Please output the data exactly, minus pictures.

[[ Supplied records, beginning ]]

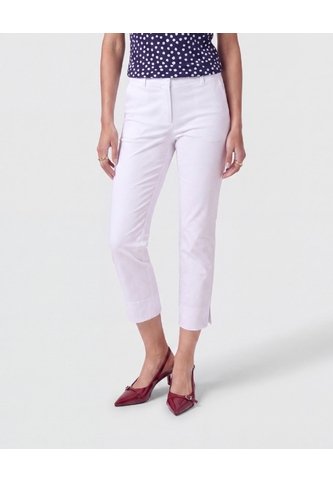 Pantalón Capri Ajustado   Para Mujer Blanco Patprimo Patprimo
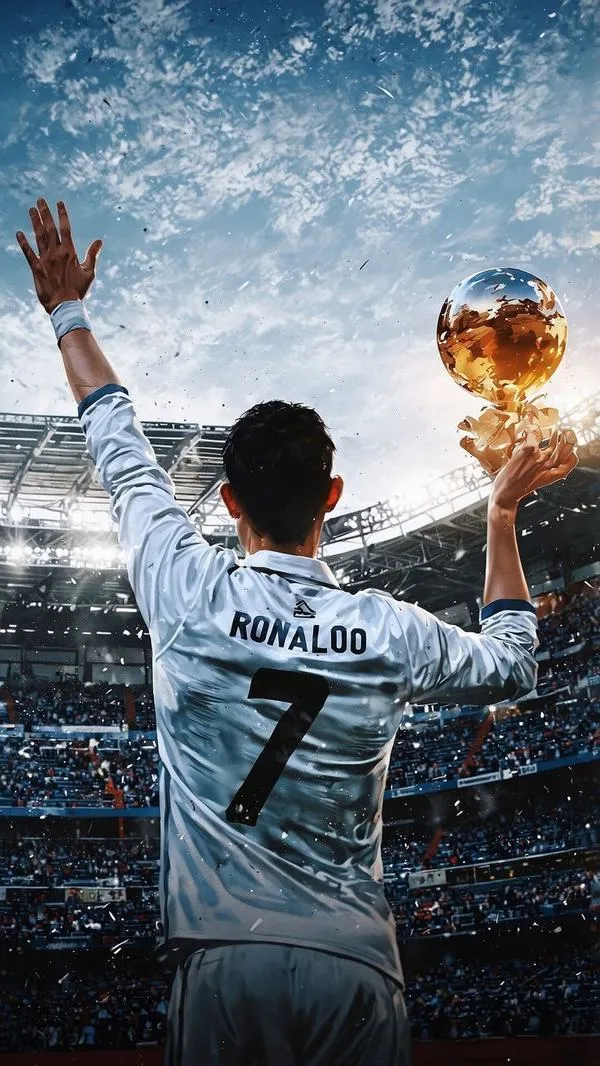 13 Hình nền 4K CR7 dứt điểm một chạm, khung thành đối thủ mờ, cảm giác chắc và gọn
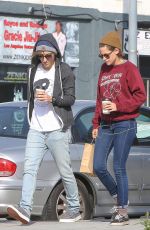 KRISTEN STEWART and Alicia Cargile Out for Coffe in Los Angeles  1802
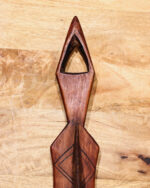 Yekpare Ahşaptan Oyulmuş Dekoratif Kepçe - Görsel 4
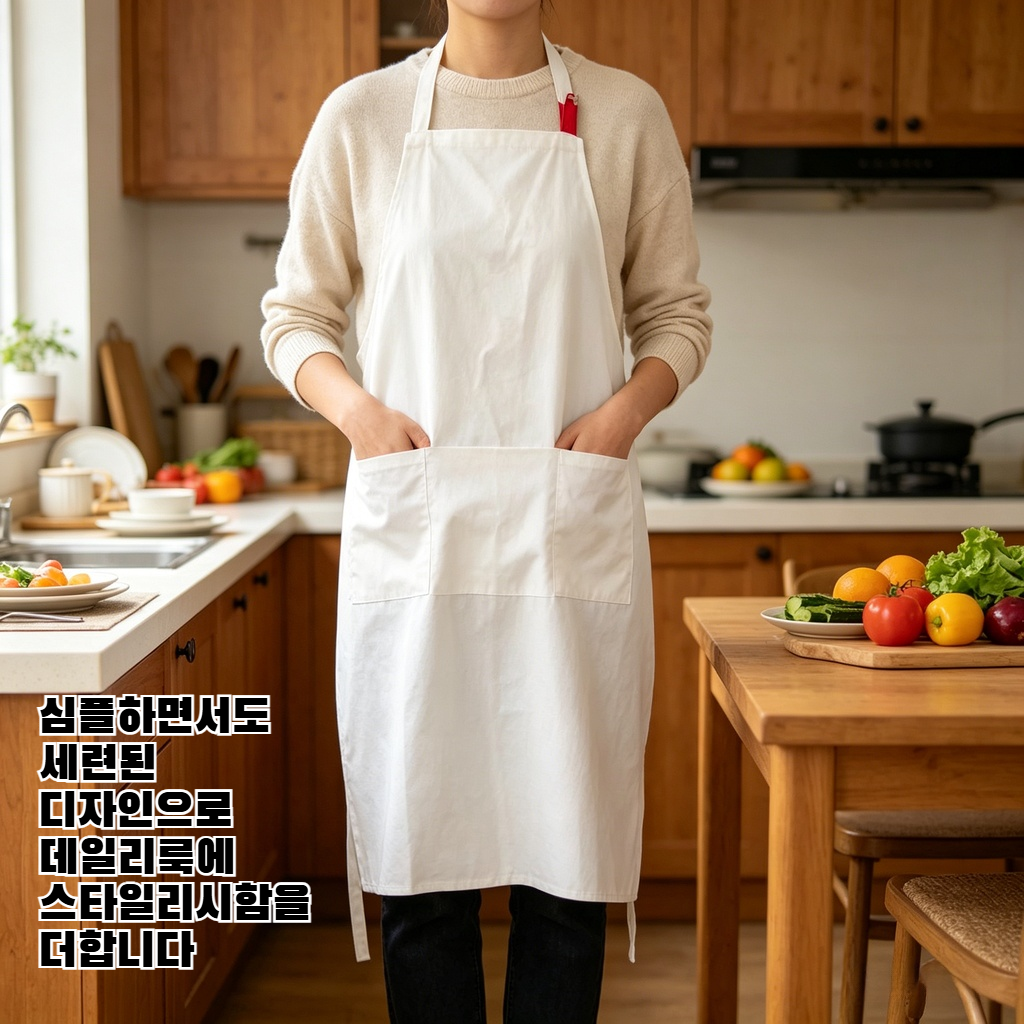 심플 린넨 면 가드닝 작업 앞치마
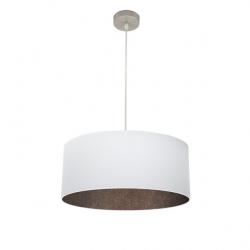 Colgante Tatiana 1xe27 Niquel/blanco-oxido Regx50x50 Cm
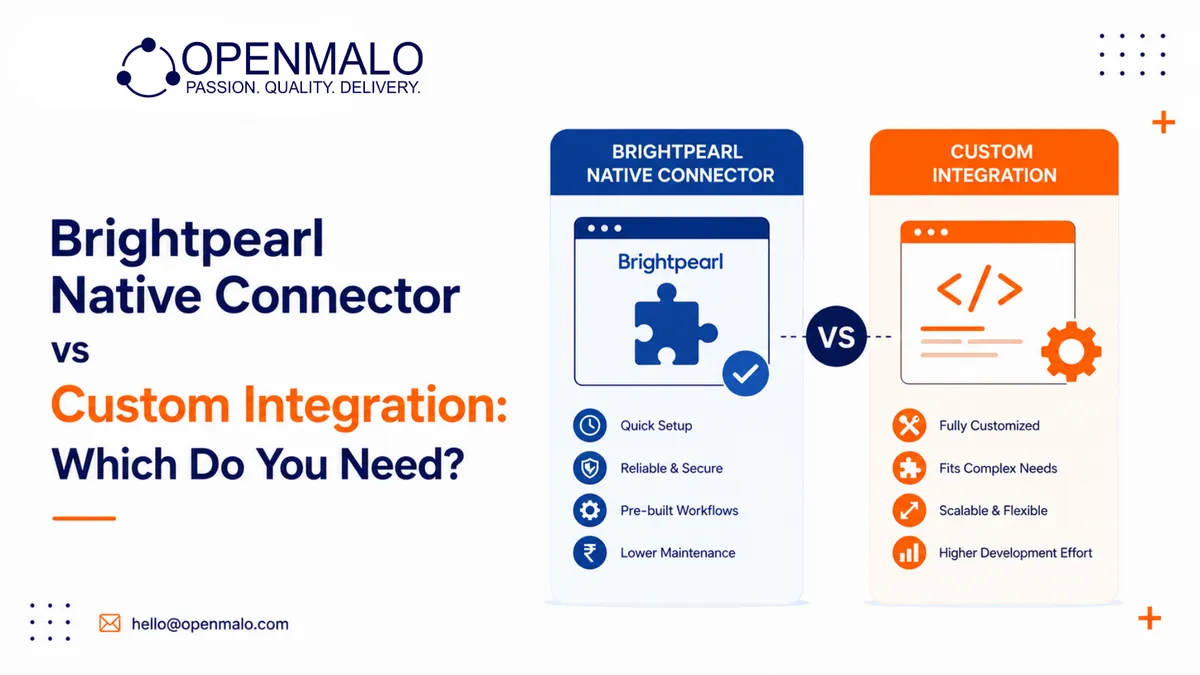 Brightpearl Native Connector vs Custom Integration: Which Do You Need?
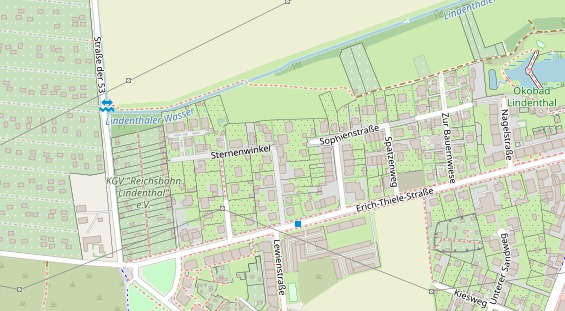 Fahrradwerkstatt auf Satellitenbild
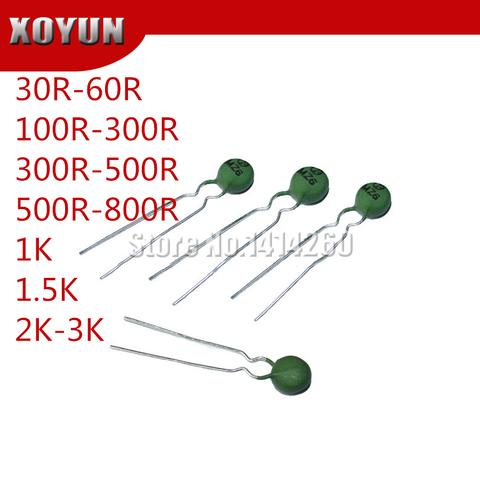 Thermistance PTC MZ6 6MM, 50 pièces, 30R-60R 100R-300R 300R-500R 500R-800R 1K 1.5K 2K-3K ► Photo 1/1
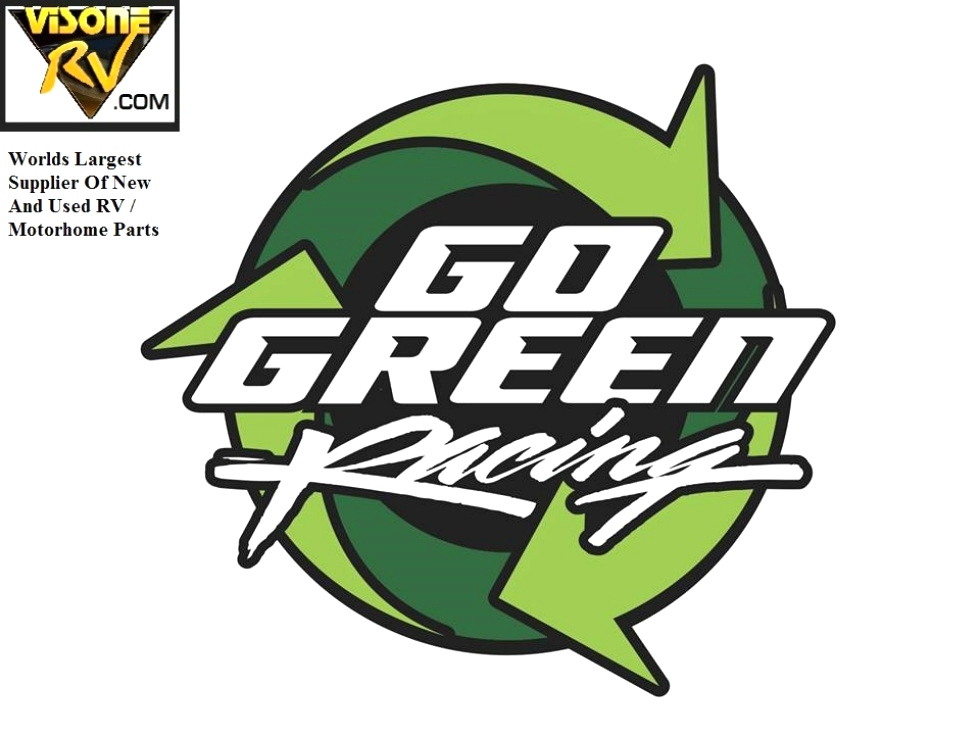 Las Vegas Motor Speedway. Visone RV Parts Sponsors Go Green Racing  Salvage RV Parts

[[ Supplied records, end ]]

* [Result of this task]:
 Pantalón Capri Ajustado   Para Mujer Blanco Patprimo Patprimo
 13 Hình nền 4K CR7 dứt điểm một chạm, khung thành đối thủ mờ, cảm giác chắc và gọn
 KRISTEN STEWART and Alicia Cargile Out for Coffe in Los Angeles  1802
 Yekpare Ahşaptan Oyulmuş Dekoratif Kepçe - Görsel 4
 심플 린넨 면 가드닝 작업 앞치마
 Colgante Tatiana 1xe27 Niquel/blanco-oxido Regx50x50 Cm
 Brightpearl Native Connector vs Custom Integration: Which Do You Need?
 Fahrradwerkstatt auf Satellitenbild
 Thermistance PTC MZ6 6MM, 50 pièces, 30R-60R 100R-300R 300R-500R 500R-800R 1K 1.5K 2K-3K ► Photo 1/1
 Las Vegas Motor Speedway. Visone RV Parts Sponsors Go Green Racing  Salvage RV Parts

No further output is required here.